Monday, May 02, 2005

Tail recursion

Noodle can now do limited tail call optimization. Only the tail recursion case is optimized in this way. That is, when a function calls itself and immediately returns the result of that call, Noodle can transform the bytecode so that the new function call doesn't take up any extra stack space. The initial function's stack space is no longer needed, once the arguments to the function call are computed, so there's no reason to keep it there. This is accomplished by transforming the function call into a series of assignments, one for each input variable, and simply jumping to the top of the function again.

The most difficult part of this is not the transformation- it's determining under which cases those steps are actually valid. When the tail-recursive call uses keyword arguments or varargs (*) or kwargs (**), for example, it's trickier to come up with valid bytecode to correctly reinitialize the function. Default arguments cause another problem, since a code object has no way of knowing which default arguments are attached to it in a containing function object.

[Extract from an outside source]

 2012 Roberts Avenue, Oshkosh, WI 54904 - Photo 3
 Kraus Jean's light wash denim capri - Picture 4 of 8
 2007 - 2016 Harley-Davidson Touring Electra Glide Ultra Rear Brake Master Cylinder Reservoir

So the current requirements for taking advantage of Noodle's tail call optimization are thus:

  • Tail call must be at the end of the function, in addition to being in a tail position (this restriction is expected to go away at some point)

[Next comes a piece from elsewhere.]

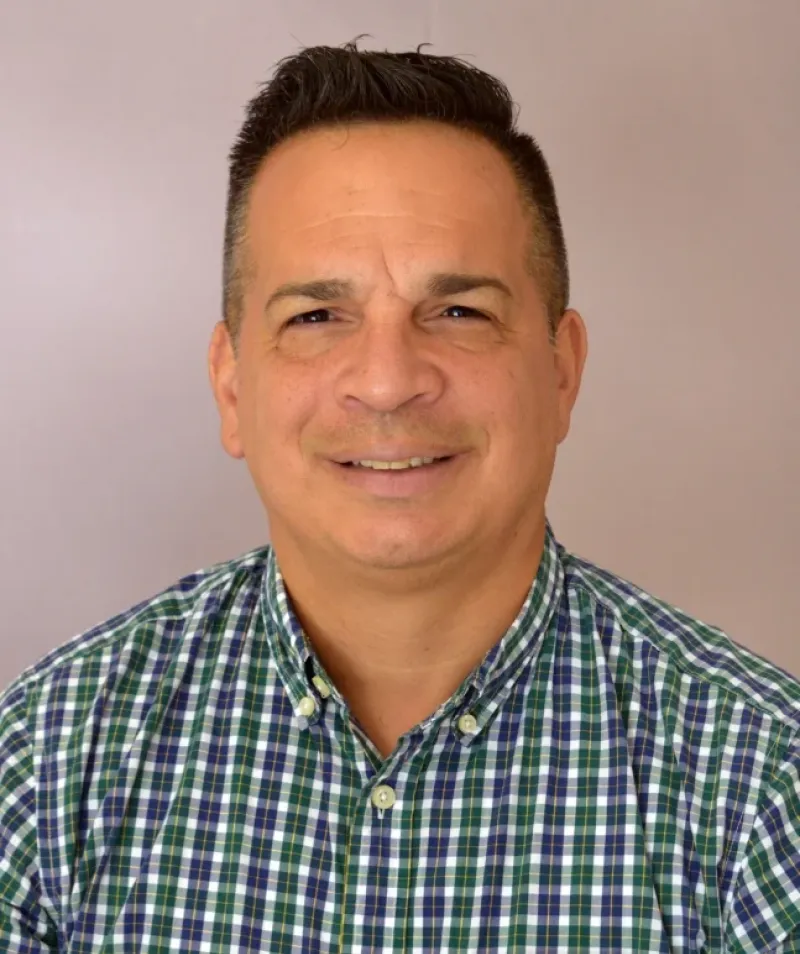 Alfredo Santiago's headshot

  • Tail call must be to the current function, by the same name

  • Tail call must give arguments for all positional parameters and all default parameters, in order, and must not give any keyword arguments, varargs, or kwargs.


When you're writing a recursive function, these restrictions should in general be rather simple to get around.

I don't expect Noodle will be able to support any further tail call optimization, since Python bytecode is currently incapable of jumping between code objects. Jumping can only be done to elsewhere in the current code object.

1 comments:

paul cannon said...

Okay, the restriction on the tail call being at the end of the function is now gone. The first tail-call optimization implementation was a bit silly, and it's much better now.